Members of Congress receive the same basic health insurance coverage as rank-and-file federal employees, although lawmakers also have access to other services not available generally, according to a new internal congressional report.
The Congressional Research Service report, dated May 3, addresses an issue that commonly arises during debates over health insurance policy and over pay and benefits for federal employees and members of Congress.
Nearly all federal employees, including elected federal officials, are eligible to participate in the Federal Employees Health Benefits Program. The FEHBP offers several nationwide plans plus about 200 regional health maintenance organization plans. All cover hospital, surgical, physician, mental health, prescription drug, emergency care and certain other benefits, although exact terms vary.
FEHBP also has no requirement for medical examinations on enrollment, no pre-existing condition exclusions or waiting periods, the choice of self-only or self-and-family coverage, and an employer contribution toward premiums that averages about 72 percent of the total cost. Enrollees, including members of Congress, pay the balance of the premiums, plus certain out of pocket costs.
CRS said that participation rates among current and retired members of Congress are not publicly available.
Current members of Congress, unlike other federal employees, also are eligible to receive health care services from the Office of the Attending Physician in the Capitol for an annual fee, currently $563, regardless of whether they are enrolled in the FEHBP. CRS said that services from that office include routine exams, consultations and certain diagnostic tests, but not vision or dental care; prescriptions can be written but not dispensed.
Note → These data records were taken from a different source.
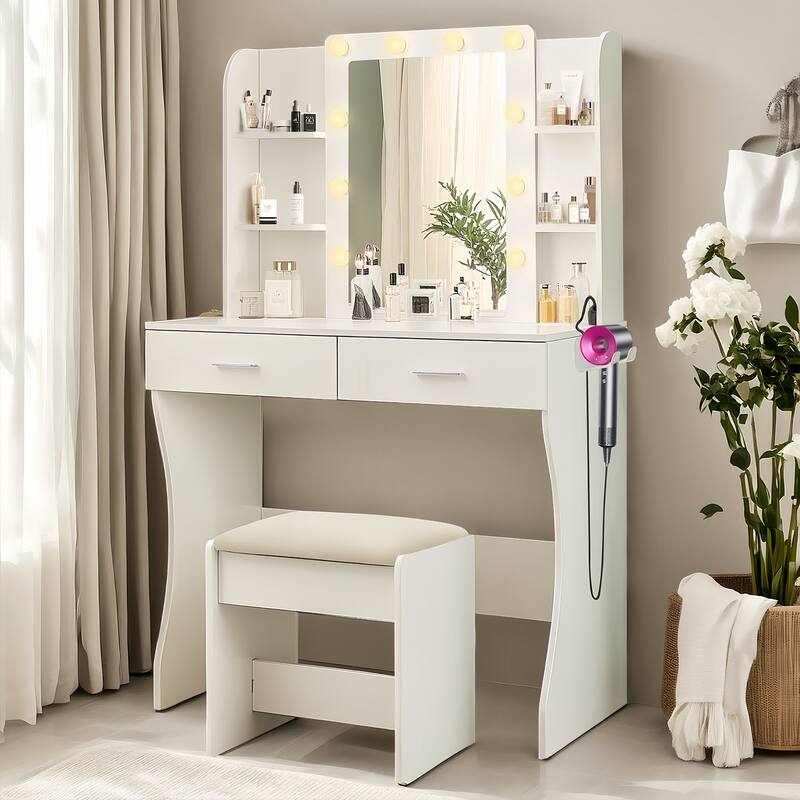 Makeup Vanity with Power Outlet & Hair Dryer Rack - White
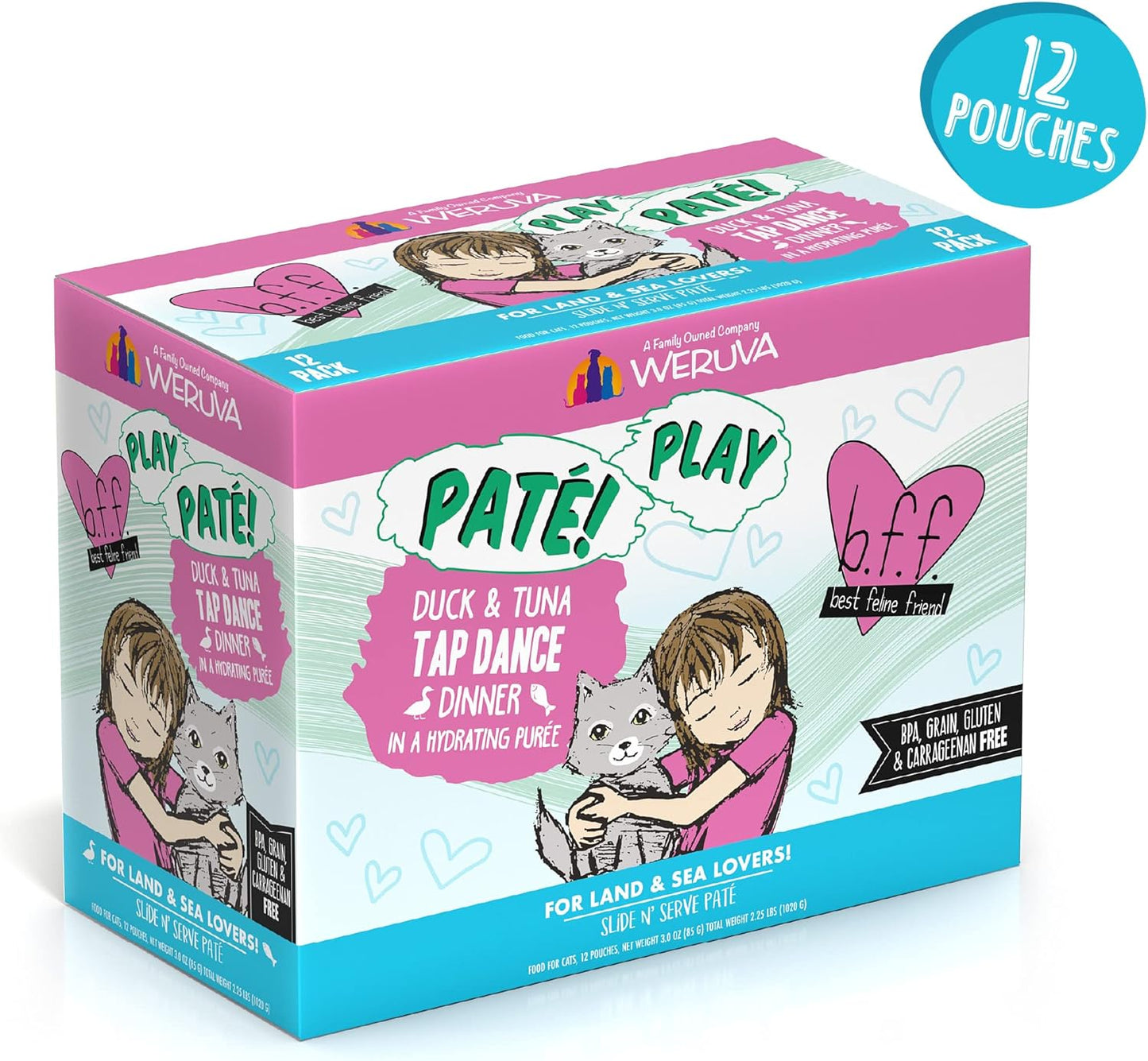 B.F.F. Play - Best Feline Friend Paté Lovers, Aw Yeah!, Duck & Tuna Tap Dance with Duck & Tuna, 3Oz Pouch (Pack of 12)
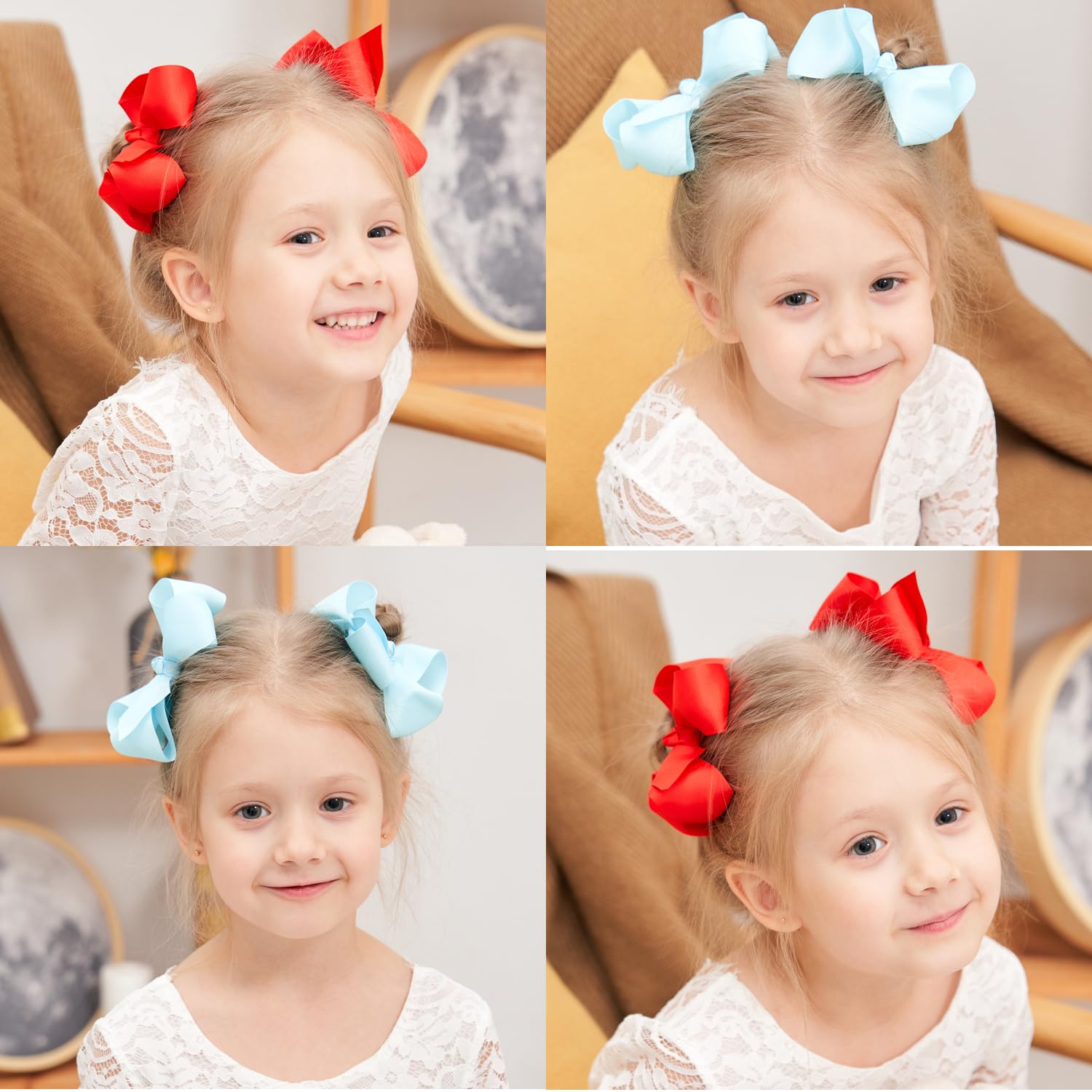 40PCS 4.5 Inch Hair Bows for Girls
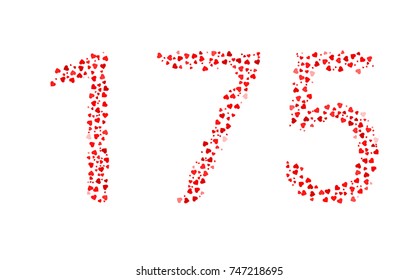 Abstract Number 175 Made Of Red Hearts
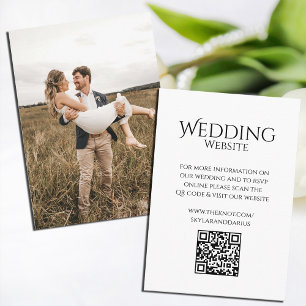 Simple Wedding Monogram Classic Minimal QR Code Enclosure Card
“Members of Congress are also authorized to receive medical and emergency dental care at military treatment facilities,” CRS said. “There is no charge for outpatient care if it is provided in the National Capital Region. For inpatient care, members are billed at full reimbursement based on rates set by the Department of Defense. Outside the National Capital Region, charges are at full reimbursement rates for both inpatient and outpatient care provided to Members of Congress.”
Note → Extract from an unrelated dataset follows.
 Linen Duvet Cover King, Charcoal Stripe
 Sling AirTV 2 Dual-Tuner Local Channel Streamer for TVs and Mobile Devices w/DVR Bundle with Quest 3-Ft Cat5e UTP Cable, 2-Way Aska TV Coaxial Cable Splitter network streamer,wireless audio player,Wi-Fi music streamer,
FEHBP insurance may cover those expenses after a deductible or copayment is met, the report said. Members pay out of pocket for expenses not covered by FEHBP or other insurance. Former members and dependents are not eligible for care at military hospitals, it said.
Persons covered by FEHBP, including House and Senate members, can continue that insurance into retirement if they are eligible for a federal annuity and if they have been continuously enrolled for the prior five years. The minimum amount of service needed to qualify for a federal retirement benefit is five years; an individual retiring with that little service would need to be at least age 62. Other standard combinations include age 55 with 30 years of service or age 60 with 20 years, although other combinations apply in certain circumstances.
Retirees must continue paying the enrollee share of the premiums and other costs. While premiums are the same as for active employees, FEHBP coverage effectively becomes more expensive after retirement because active employees can pay their premiums with pre-tax money but retirees can’t.
Current federal employees and members of Congress, although not retirees, can set aside money pre-tax in flexible spending accounts, which can be used to pay some out of pocket costs.
Those who are eligible for FEHBP, including eligible retirees, also typically are eligible for supplemental vision and dental coverage whose costs are paid entirely by enrollees. The same applies to a long-term care insurance program.
In addition, all federal employees including legislators pay the standard Medicare payroll tax and become eligible for benefits under that program under standard rules.
The report added that under the 2010 health care law, members of Congress and certain staff members will be required to leave the FEHBP and get their health insurance coverage under the state-based exchanges envisioned by that law. That provision will not be effective until 2014 at the earliest.